“Then,” Lulu began, and a question trembled in her bright eyes and on her curved lips.
But, “Here’s Peachy!” Julia exclaimed before she could go on.
Peachy came toiling up the path, pulling herself along, both hands on the wooden rail. She tottered, but in spite of her snail-like progress, it was evident that she hurried. A tiny bundle hung between her shoulders. It oscillated gently with her haste.
“Let me take Angela,” Julia said as Peachy struggled over the threshold.
“Wait!” Peachy panted. She sank on a couch.
There was a strange element in her look, an overpowering eagerness. This eagerness had brimmed over into her manner; it vibrated in her trembling voice, her fluttering hands. She sat down. She reached up and lifted the baby from her shoulders to her lap. Angela still slept, a delicate bud of a girl-being. But Peachy gave her audience no time to study the sleeping face. She turned the baby over. She pulled the single light garment off. Then she looked up at the other women.

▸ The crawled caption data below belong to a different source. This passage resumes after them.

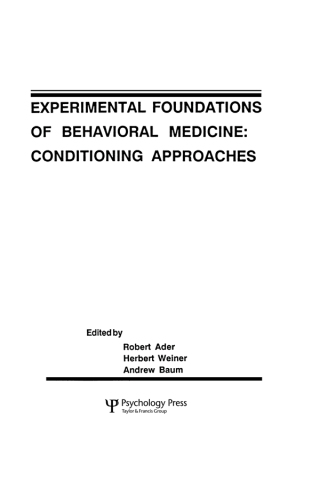 Imagen de portada: Experimental Foundations of Behavioral Medicines 1st edition 9781138969315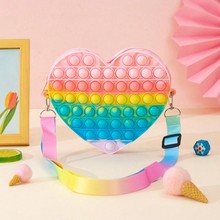 跨境灭鼠先锋按压泡泡乐硅胶包包 三花独角兽儿童可爱斜跨零钱包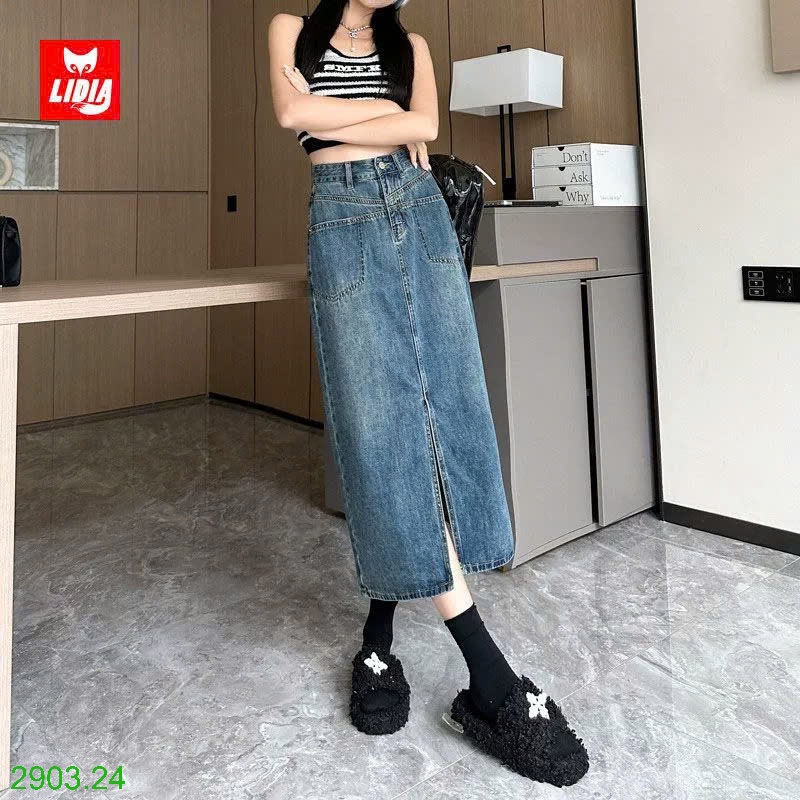 25HA2903.24 - CHÂN VÁY DÁNG DÀI XẺ TÀ TRƯỚC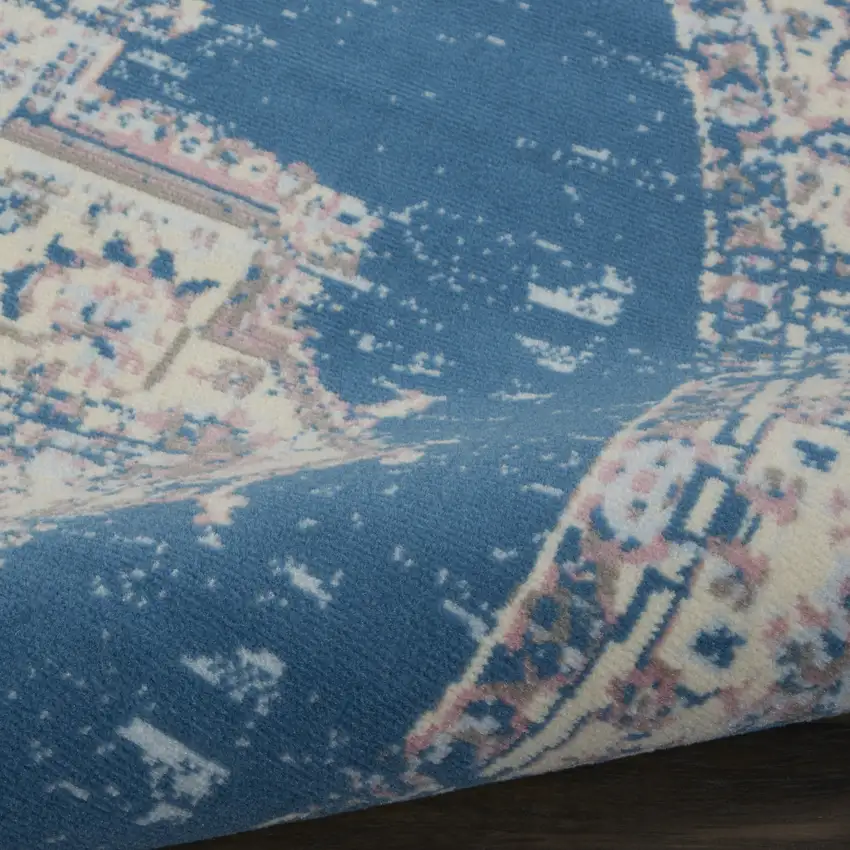 8' Blue Round Damask Power Loom Area Rug Photo 8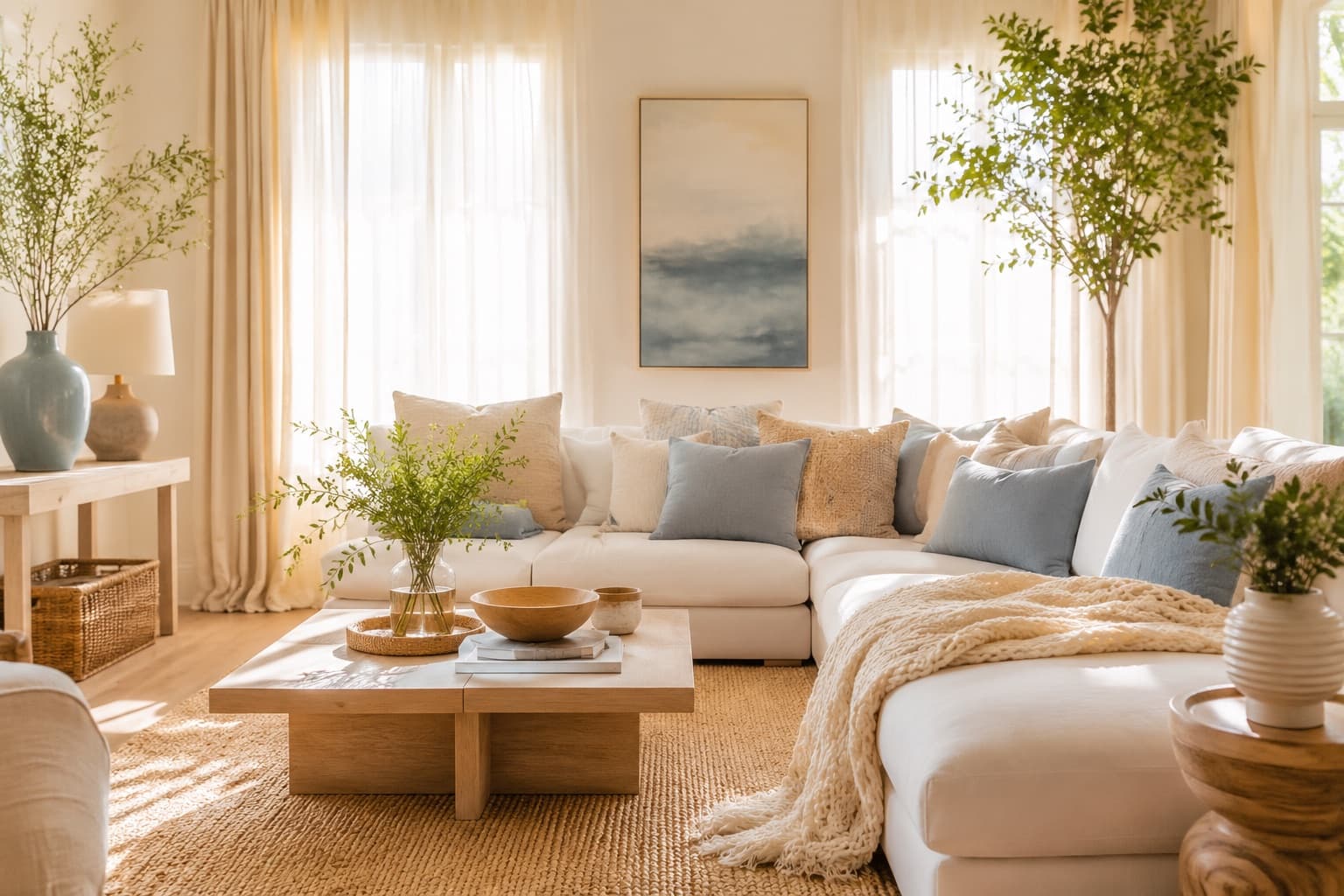 A bright living room where soft daylight is filtered through layered window treatments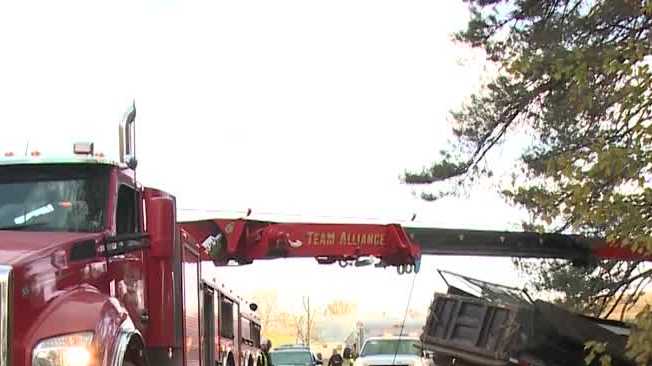 DUI investigation underway after dump truck driver rear ends SUV, crashes into Lancaster County creek, troopers say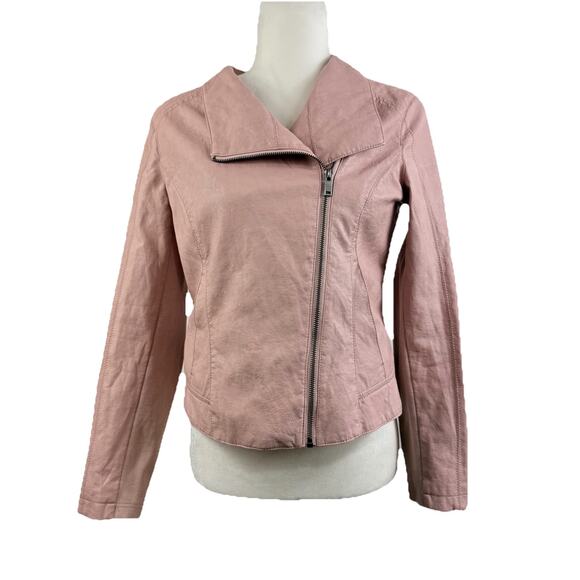 Anthropologie ETT:TWA Ripley Light Pink Faux Leather Moto Jacket SP Vegan Ribbed - Picture 2 of 16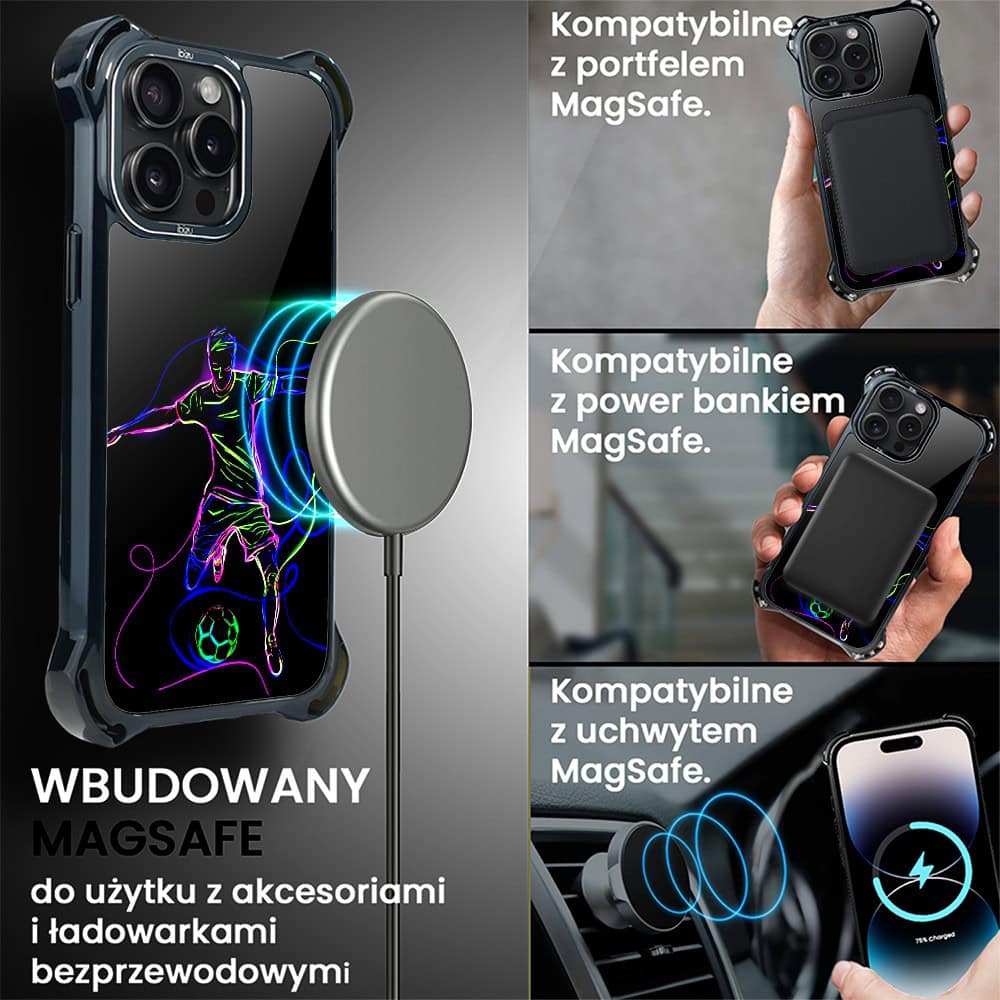 Etui do iPhone 14 Pro Max, Ibizu DropGuard Ultra z MagSafe, #ElectroMove, Moc football'u (2)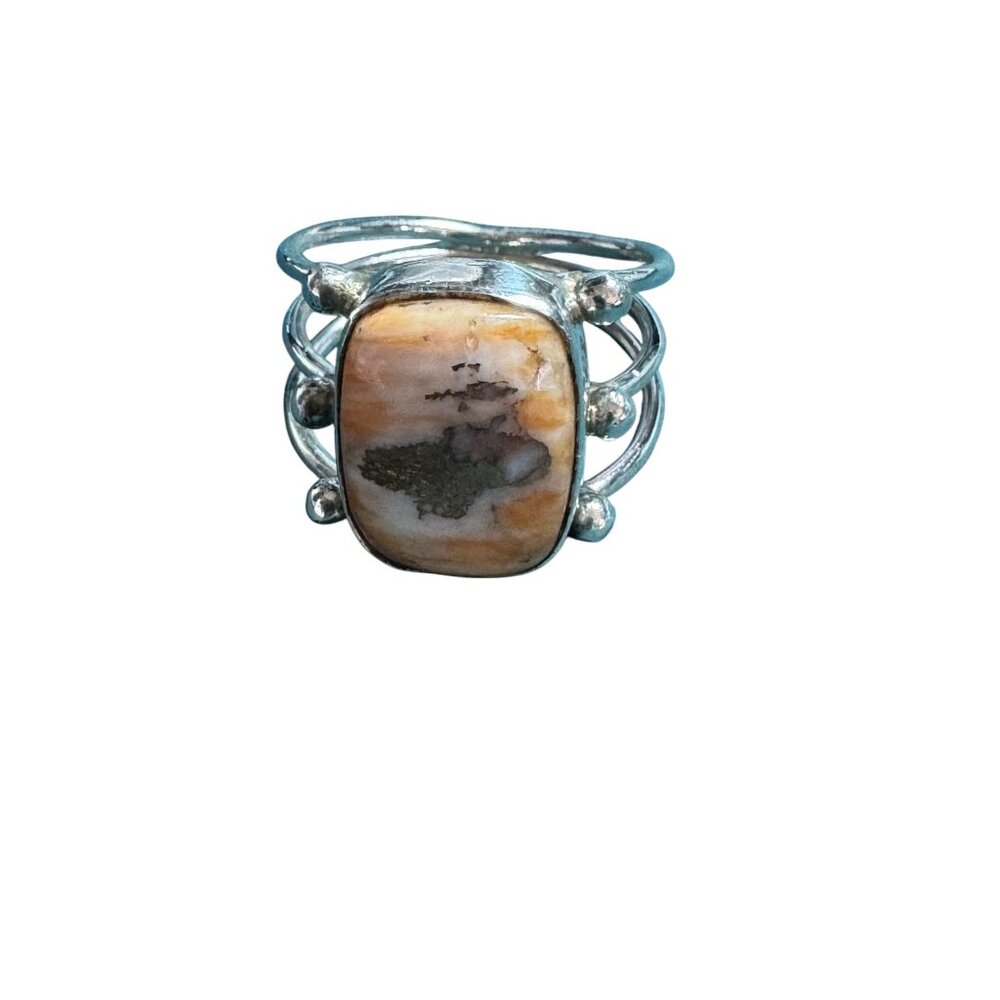 Sterling Silver Ring With Rectangular Jasper Ston… - image 2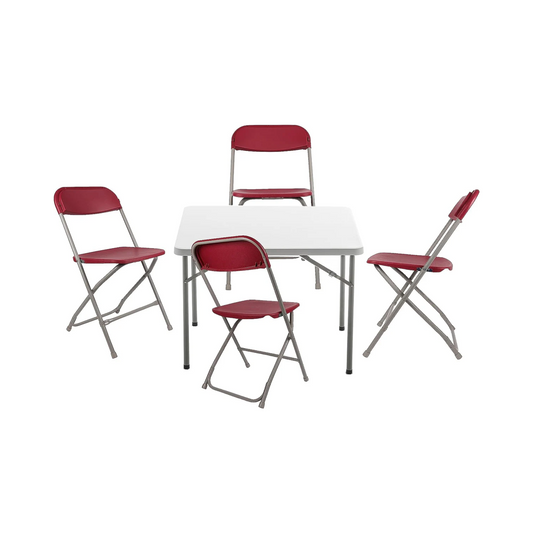 BTExpert 5-Piece Folding Card Table Set, 34" White Granite Table & 4 Red Chairs, Indoor Outdoor, Lightweight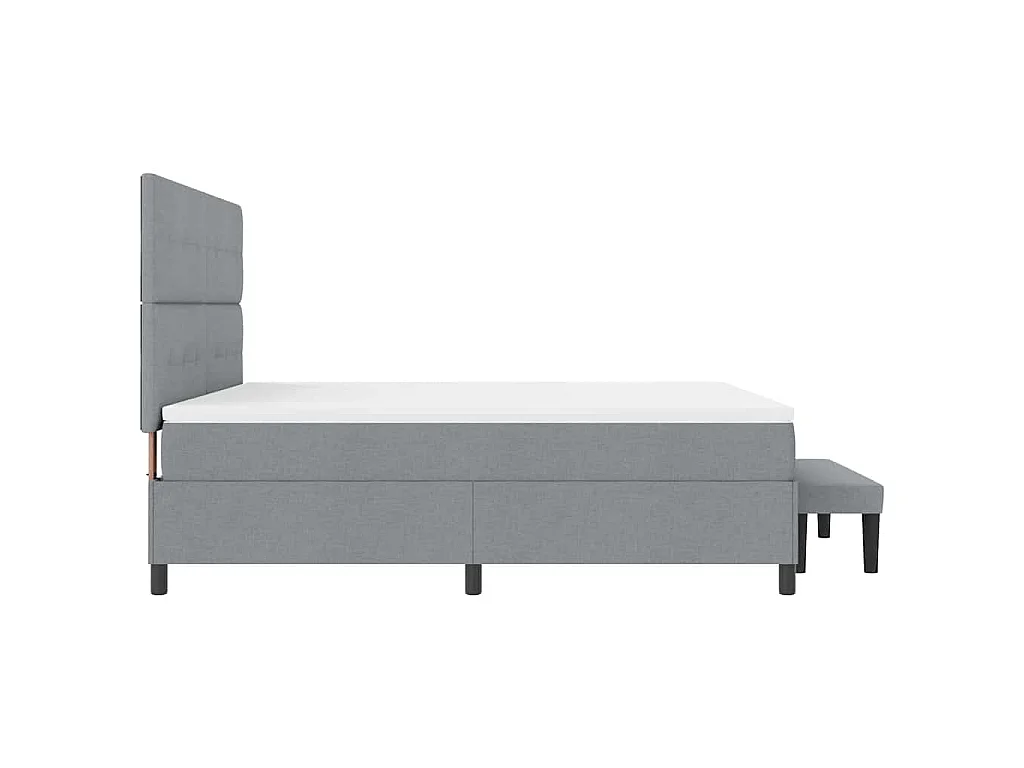 Boxspringbed met hoofdeinde Lichtgrijs 180 x 200 cm Stof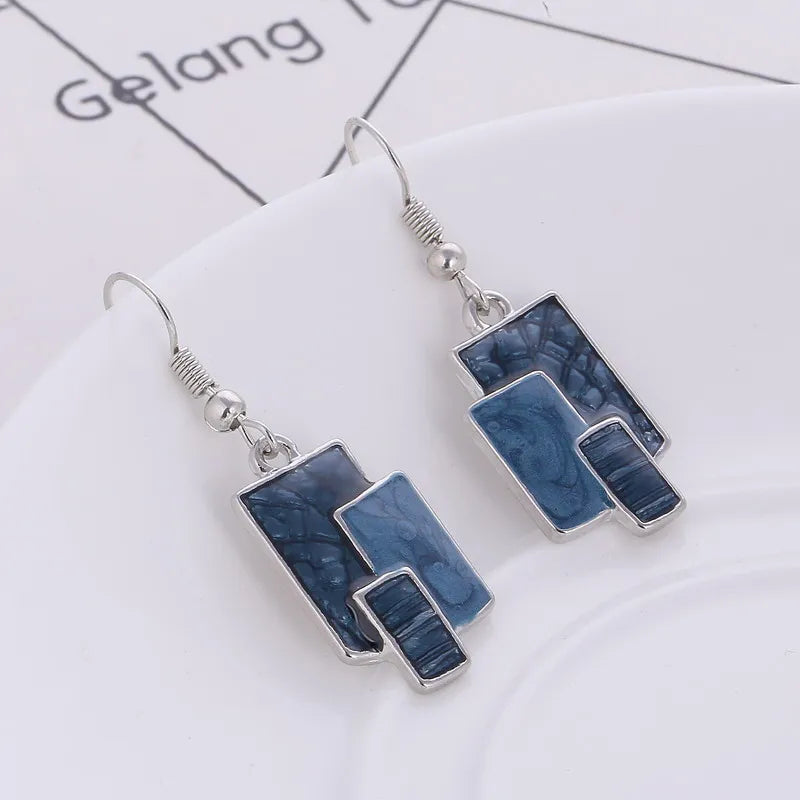 Bohemian Enamel Jewelry Sets For Women Silver Plated Geometric Big Gem Pendant Necklace And Earrings Set Wholesle Jewelry Set - Giftcare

The little naked figure lay in the golden sunlight, translucent, like an angel carved in alabaster. But on the shoulder-blades lay shadow, deep shadow—no, not shadow, a fluff of feathery down.
“Wings!” Peachy said. “My little girl is going to fly!”
“Wings!” the others repeated. “Wings!”
And then the room seemed to fill with tears that ended in laughter, and laughter that ended in tears.